The present invention relates to an installation for ramming the material which constitutes the refractory lining of a metallurgical vessel.

A ramming installation comprises a ramming apparatus which is movable relative to the shell of the metallurgical vessel. The ramming apparatus comprises at least one vertical ramming element provided for ramming refractory material which has previously been poured into the shell of the metallurgical vessel.

THE PRIOR ART

In a first known type of installation, the ramming apparatus is carried by a pivoting crane which can be horizontally brought to a position above the metallurgical vessel (a ladle in the installation under consideration) which is mounted on a stationary support. The boom or jib of the crane carries a separator, to which refractory lining material is fed and which is connected to a dust removing device. In the ramming position the frustoconical separator lies coaxially of the vertical axis of the metal shell of the ladle. Mounted at the lower outlet of the separator is a rotary device which is capable of turning the infrastructure of the installation about the axis of the metal shell of the ladle. The rotary device is downwardly prolonged by a coaxial support arm, which is fast with the rotary device and carries a horizontal telescopic arm at its lower end. On one side the horizontal arm carries a head which pivots about a horizontal axis perpendicular to the radial direction of this arm. In particular, the pivoting head comprises another support arm, which is vertical or slightly inclined and extends downwards. This latter support arm is positioned as a function of the conicity of the metal shell of the ladle, and, in operation, lies between a ramming templet and the shell. On the other side the horizontal arm has a rigid telescopic tube which is connected by a flexible pipe to the passage of the refractory lining material which exists in the rotary device and which communicates with the outlet of the separator.

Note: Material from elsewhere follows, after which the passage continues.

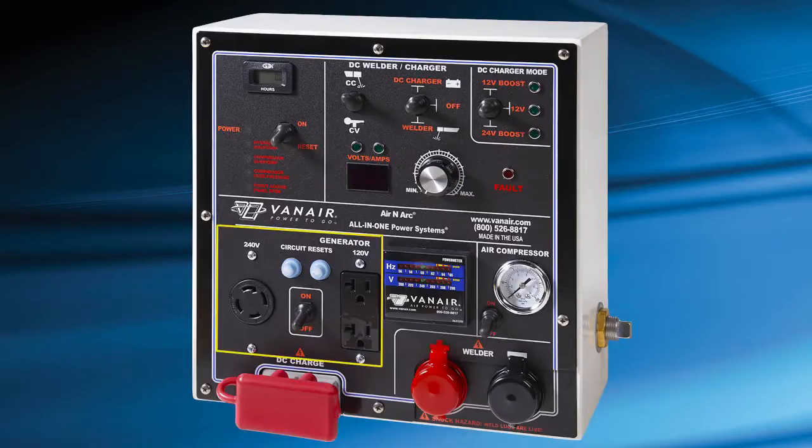Below are the generator controls including thermal breakers, the 240 and 120 volt receptacles, and the AC generator on-off switch. To the right is the digital readout of the AC hertz and voltage meter. Next to the hertz and voltage meter is the compressor air pressure gauge and compressor on-off toggle switch. Below are the welder lead connections. To the left are the battery boost charge cable connections.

In a second type of known installation the ramming apparatus is also carried by a pivoting crane, as in the preceding case. Again, similarly, a separator and a rotary device form part of the installation. Similar means for conveying the refractory lining material from the separator to the annular space defined between the ramming templet and the metal shell of the metallurgical vessel (a ladle in this case too) are also provided as in the first case. However, the ramming elements are arranged on two vertical or slightly inclined supporting arms which, in operation, are brought between the templet and the metal shell of the ladle, and are diametrically opposite with respect to the vertical axis of this ladle, which, moreover, remains stationary. The upper ends of the two support arms for the ramming elements are connected to a transverse beam which is equipped with rollers and can run vertically, subject to the effect of a lifting jack, along two vertical guide rods which, in their upper portion, are fixed to a cross-member which is fast with the base of the rotary device.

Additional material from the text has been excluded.